そう。フロリダからはちょっと風上に、いや時間的に、歴史的にもだいぶさかのぼったところにきていた。。




by T. T. Tanaka

by T. T. Tanaka

“ダイキリが飲みたい”
グアドループ(フランスの海外県@カリブ), Guadeloupe
一枚目;ムール Moule,
二枚目; テールドオー Terre de Haut


カリブ海の古い港町、ムール。炎天下歩き回ってたどりついた海岸のレストラン。
こんな遠くまで来たのにメニューを笑顔でわたされたリズムにのってエイッと注文してしまった。
一番上に手書きでかかれたシーフードのクリームパスタ。これが倒れるほどおいしかった。ポンパーノ(アジの一種)の切り身入り。テーブルサイドのペッパーのキャラクターもにっこり笑っていた。

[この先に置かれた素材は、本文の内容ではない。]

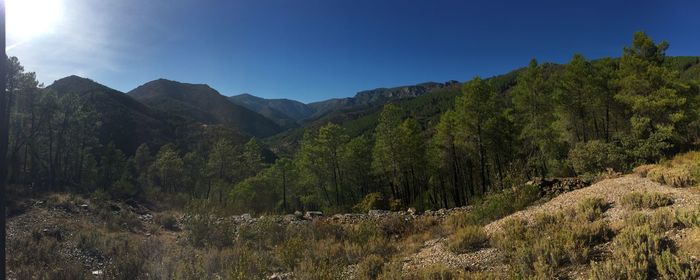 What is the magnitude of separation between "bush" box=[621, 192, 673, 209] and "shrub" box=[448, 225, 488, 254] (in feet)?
10.9

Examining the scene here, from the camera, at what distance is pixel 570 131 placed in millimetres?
29562

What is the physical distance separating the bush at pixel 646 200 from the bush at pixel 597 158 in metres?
12.1

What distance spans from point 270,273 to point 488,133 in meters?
23.3

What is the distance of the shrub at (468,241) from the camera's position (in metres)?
8.37

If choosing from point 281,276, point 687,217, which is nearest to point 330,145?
point 281,276

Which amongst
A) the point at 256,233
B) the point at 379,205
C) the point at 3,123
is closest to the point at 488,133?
the point at 379,205

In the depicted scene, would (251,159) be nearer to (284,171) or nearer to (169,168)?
(284,171)

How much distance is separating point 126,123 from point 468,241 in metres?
122

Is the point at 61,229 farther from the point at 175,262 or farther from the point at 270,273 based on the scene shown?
the point at 270,273

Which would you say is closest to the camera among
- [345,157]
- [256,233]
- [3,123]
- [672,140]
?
[3,123]

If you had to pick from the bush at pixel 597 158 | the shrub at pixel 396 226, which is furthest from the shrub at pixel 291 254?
the bush at pixel 597 158

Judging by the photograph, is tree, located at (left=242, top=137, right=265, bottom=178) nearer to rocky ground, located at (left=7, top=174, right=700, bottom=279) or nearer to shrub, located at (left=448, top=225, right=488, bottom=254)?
rocky ground, located at (left=7, top=174, right=700, bottom=279)

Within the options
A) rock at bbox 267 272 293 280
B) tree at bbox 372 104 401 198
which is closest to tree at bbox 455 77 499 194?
tree at bbox 372 104 401 198

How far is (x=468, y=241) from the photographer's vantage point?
27.7ft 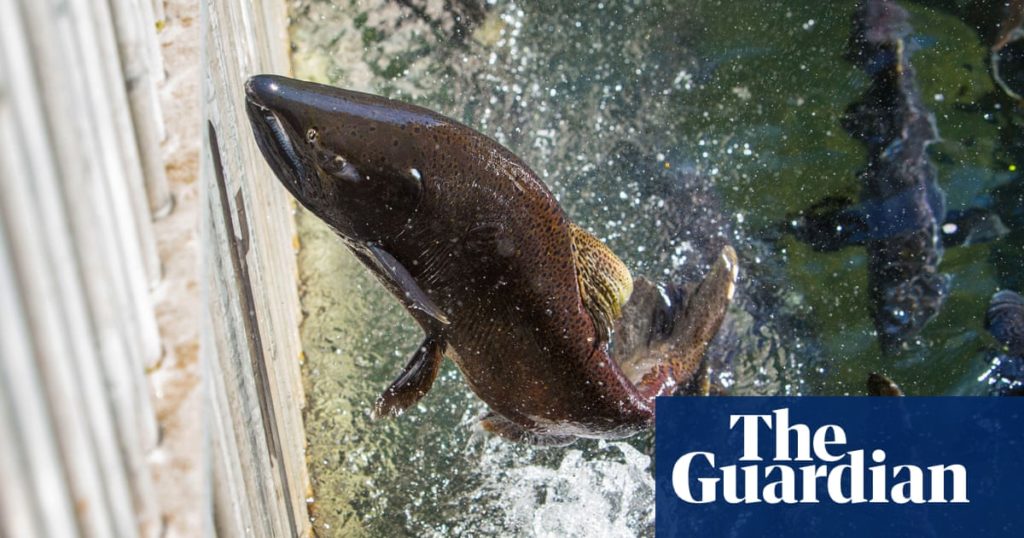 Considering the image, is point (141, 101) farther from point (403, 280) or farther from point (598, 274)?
point (598, 274)

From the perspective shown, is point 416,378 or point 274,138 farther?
point 416,378

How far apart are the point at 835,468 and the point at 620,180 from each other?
1461 millimetres

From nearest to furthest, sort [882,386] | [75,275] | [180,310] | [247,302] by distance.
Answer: [75,275], [180,310], [247,302], [882,386]

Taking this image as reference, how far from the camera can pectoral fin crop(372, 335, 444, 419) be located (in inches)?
101

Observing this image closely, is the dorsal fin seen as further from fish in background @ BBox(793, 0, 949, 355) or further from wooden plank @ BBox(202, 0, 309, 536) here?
fish in background @ BBox(793, 0, 949, 355)

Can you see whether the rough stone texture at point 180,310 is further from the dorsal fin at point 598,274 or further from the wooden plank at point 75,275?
the dorsal fin at point 598,274

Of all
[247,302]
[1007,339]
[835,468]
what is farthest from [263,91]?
[1007,339]

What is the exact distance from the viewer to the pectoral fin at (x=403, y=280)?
214 cm

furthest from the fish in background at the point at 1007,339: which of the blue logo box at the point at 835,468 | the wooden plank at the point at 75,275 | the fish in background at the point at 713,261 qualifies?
the wooden plank at the point at 75,275

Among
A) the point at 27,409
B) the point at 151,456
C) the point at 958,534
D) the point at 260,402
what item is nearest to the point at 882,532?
the point at 958,534

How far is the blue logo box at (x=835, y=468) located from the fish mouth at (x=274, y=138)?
1.47m

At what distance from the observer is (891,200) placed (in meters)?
4.64

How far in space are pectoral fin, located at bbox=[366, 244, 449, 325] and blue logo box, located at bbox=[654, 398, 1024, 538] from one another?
3.87 ft

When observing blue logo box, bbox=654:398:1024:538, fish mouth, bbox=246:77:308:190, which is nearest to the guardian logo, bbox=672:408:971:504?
blue logo box, bbox=654:398:1024:538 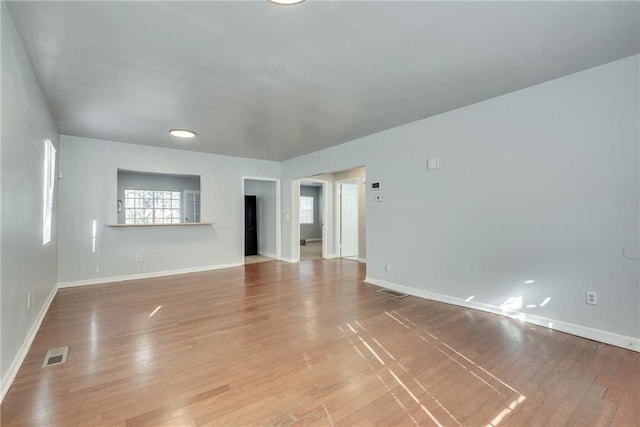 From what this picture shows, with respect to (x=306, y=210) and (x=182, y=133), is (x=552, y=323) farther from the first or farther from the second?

食べ終わっても海を聴きながらしばし座っていたかった。赤い柱におしゃべりする女性のシルエットが綺麗にゆっくり動く。フローズンダイキリが飲みたくなった。サトウキビベースのラム酒と砂糖、オレンジと氷をカラカラッとまぜる。ダイキリはカリブのキューバ鉱山労働者たちの考案ドリンクレシピらしい。
一日の、いや、今までの歩みの疲れをちょっぴりいやしてくれる。
自分のヒストリーとカリブのヒストリーがシェイクされてカクテルになっていた。。



Terre de Haut, Guadeloupe; by T. T. Tanaka

“香りに振り返る・・”
テールドオー, グアドループ(フランスの海外県@カリブ)

午後5時。あと二時間くらいで陽が沈む。
地元の人たちとにっこりすれ違いながら海から高台へ歩いていくと、開けっ放しのあちこちの家から人々の声が聞こえてくる。
ふと、いい香りで振り返ったら目の覚めるようなピンクのプルメリア、後ろの大きな緑は葉っぱじゃなくて壁のペンキだった。
プルメリアはハワイの白い花が有名だけど原産地はカリブエリアらしい。
オレンジブロッサムのような香りの中でしばしたたずむと、ふとフロリダのオレンジ畑と、静岡のミカン畑の景色が頭に映写されていた。甘くて素敵な思い出とともに。。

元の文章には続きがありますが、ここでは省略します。